Short text fragments from websites:

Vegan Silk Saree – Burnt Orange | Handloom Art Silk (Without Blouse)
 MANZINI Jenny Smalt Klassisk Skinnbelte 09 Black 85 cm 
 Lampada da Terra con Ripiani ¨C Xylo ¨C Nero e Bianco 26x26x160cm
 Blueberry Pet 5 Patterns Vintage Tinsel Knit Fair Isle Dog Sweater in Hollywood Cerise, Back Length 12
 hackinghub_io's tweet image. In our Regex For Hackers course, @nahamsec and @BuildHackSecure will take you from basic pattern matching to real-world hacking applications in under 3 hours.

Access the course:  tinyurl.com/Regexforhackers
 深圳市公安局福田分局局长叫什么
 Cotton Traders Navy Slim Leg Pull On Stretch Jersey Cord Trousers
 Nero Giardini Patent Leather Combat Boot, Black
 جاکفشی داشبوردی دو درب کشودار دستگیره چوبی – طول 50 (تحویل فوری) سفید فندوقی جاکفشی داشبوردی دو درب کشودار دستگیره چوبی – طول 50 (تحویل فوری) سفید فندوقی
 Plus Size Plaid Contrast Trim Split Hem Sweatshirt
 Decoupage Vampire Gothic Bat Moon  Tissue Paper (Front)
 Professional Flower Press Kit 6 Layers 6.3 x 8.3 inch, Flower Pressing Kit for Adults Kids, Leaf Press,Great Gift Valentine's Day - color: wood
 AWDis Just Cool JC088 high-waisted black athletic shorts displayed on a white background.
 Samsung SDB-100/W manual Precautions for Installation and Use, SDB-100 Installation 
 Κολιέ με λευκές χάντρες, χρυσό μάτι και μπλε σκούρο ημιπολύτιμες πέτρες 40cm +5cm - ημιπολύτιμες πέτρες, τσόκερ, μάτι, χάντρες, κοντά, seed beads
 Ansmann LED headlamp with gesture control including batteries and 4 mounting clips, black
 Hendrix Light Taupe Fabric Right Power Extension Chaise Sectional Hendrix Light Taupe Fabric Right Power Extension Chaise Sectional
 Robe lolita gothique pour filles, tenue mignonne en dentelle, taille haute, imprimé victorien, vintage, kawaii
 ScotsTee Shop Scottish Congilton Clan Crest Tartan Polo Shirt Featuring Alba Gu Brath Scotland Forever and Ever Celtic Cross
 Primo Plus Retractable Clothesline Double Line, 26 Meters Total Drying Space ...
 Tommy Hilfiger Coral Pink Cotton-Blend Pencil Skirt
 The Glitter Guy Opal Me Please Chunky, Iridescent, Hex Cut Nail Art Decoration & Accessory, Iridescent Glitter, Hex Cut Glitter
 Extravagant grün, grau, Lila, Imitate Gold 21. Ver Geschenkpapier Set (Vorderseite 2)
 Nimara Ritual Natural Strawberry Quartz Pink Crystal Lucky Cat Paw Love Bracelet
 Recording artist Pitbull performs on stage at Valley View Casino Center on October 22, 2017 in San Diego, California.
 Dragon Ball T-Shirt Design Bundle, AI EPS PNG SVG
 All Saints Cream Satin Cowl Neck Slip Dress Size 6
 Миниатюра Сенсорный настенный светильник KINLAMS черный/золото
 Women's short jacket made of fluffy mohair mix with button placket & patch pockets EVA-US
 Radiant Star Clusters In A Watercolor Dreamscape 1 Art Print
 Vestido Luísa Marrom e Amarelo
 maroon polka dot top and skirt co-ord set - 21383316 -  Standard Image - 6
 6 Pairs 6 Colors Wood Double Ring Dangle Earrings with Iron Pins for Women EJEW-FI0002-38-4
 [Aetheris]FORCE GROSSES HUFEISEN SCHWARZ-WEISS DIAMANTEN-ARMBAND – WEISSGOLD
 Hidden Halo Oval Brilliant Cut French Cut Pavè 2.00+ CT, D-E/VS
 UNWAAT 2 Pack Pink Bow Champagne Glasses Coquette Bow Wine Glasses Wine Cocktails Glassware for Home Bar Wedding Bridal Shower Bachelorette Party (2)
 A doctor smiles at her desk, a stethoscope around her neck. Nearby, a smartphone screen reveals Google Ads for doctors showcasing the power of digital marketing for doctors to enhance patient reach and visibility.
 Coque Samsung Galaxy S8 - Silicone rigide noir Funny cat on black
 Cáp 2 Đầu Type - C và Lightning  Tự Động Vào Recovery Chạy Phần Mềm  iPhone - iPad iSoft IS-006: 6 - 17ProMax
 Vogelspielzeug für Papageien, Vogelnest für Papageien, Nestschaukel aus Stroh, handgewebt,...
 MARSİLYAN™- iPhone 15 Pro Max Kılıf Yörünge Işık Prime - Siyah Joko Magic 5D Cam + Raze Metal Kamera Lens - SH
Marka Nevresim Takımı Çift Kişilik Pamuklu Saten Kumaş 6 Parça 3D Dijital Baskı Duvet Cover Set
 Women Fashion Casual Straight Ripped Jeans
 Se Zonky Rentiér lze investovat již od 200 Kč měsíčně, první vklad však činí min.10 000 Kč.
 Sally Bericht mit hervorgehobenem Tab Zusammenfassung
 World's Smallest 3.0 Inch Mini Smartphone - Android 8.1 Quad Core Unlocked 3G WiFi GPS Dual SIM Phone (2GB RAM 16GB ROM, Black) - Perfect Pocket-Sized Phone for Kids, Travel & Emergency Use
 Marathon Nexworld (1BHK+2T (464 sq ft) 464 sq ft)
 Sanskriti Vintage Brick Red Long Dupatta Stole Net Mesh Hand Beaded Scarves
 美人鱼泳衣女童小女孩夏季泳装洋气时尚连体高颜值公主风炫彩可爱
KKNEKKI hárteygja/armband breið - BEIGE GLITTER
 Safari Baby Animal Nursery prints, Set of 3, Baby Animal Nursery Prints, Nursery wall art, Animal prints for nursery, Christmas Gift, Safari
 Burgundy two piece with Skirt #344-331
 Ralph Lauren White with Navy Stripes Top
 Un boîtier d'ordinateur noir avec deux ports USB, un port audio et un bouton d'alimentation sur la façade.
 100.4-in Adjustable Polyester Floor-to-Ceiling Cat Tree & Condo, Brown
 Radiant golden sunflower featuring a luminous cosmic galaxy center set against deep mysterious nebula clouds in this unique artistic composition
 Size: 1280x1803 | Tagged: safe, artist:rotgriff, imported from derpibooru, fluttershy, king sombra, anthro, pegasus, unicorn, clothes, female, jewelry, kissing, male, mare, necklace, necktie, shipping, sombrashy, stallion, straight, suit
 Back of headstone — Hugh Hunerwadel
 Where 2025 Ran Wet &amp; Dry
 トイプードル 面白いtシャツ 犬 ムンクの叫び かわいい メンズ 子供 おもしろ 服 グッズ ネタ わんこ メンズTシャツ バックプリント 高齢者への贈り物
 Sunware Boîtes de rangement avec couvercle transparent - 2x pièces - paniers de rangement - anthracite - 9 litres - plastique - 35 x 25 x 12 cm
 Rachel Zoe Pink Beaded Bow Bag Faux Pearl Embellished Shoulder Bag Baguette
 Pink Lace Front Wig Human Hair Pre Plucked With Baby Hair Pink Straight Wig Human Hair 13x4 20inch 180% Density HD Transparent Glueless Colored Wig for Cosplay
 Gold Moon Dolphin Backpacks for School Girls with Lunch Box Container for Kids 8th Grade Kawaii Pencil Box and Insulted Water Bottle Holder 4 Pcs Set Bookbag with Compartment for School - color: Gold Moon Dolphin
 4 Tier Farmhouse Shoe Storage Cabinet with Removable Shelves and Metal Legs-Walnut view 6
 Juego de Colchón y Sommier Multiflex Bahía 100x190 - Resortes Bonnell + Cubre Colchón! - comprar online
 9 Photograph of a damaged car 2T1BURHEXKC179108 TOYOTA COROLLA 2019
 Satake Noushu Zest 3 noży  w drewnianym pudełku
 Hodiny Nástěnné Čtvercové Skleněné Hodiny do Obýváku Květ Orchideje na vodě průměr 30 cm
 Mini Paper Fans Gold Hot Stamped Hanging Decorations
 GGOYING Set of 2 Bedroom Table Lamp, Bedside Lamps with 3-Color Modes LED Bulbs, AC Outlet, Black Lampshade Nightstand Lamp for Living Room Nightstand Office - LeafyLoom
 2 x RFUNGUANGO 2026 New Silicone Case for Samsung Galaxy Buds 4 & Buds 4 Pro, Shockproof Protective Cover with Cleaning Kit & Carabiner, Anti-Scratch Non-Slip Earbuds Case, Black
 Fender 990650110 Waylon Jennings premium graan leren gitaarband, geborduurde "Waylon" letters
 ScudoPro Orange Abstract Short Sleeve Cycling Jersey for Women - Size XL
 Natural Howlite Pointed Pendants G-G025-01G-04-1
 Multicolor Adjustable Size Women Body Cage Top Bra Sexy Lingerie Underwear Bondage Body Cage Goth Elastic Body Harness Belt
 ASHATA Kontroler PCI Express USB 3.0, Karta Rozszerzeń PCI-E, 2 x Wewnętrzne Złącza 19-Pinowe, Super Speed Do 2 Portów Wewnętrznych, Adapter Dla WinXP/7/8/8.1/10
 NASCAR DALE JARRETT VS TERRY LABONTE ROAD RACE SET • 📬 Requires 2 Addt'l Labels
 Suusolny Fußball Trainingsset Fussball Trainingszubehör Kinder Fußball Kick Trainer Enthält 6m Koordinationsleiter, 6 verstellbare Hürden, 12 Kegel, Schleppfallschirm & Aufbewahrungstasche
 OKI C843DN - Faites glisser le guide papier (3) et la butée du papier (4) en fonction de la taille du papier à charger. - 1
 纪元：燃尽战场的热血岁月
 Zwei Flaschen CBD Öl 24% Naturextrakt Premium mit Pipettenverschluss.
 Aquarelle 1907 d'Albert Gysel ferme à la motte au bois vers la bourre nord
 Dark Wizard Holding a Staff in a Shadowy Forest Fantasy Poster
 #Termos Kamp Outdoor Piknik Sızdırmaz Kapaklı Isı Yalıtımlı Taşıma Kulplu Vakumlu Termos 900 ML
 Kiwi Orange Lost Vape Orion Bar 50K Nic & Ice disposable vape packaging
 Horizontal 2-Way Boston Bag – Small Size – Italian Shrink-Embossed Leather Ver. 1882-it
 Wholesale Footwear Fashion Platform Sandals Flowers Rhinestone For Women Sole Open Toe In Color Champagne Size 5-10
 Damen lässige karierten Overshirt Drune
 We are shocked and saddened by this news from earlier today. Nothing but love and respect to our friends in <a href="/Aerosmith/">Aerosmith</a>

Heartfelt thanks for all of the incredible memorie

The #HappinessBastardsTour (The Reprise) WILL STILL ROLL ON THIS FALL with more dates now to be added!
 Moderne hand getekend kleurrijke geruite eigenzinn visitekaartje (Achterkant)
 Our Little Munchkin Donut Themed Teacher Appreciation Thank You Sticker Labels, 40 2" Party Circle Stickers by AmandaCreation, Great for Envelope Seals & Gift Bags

**Work task**:
Give back, verbatim, the lines from the top of the entries above through the line containing "Blueberry Pet 5".

**Result for this exercise**:
Vegan Silk Saree – Burnt Orange | Handloom Art Silk (Without Blouse)
 MANZINI Jenny Smalt Klassisk Skinnbelte 09 Black 85 cm 
 Lampada da Terra con Ripiani ¨C Xylo ¨C Nero e Bianco 26x26x160cm
 Blueberry Pet 5 Patterns Vintage Tinsel Knit Fair Isle Dog Sweater in Hollywood Cerise, Back Length 12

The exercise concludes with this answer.